Where a line in the records holds "Photo", count it once; return only the final number.

************

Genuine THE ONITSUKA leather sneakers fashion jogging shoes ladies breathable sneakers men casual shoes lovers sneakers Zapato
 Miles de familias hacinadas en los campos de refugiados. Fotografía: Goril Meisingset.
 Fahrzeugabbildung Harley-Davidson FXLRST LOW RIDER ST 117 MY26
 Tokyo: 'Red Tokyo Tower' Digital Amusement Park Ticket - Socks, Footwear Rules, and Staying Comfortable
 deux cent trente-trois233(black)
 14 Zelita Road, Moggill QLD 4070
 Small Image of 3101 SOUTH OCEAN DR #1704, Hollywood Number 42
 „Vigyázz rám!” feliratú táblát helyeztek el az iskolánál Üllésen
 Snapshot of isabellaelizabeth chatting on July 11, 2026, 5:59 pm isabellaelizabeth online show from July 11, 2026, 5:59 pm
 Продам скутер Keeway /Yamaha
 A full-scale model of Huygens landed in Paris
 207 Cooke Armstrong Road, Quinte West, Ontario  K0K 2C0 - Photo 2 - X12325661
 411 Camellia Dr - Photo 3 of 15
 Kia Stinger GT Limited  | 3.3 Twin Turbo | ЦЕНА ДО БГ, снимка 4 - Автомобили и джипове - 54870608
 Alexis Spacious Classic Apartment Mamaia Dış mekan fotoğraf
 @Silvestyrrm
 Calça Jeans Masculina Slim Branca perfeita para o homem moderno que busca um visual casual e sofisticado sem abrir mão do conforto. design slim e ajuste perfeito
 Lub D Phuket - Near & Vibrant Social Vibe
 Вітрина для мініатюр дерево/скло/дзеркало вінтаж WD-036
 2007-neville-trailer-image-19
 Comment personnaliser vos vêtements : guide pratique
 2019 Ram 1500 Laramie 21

************

TASK SOLUTION: 2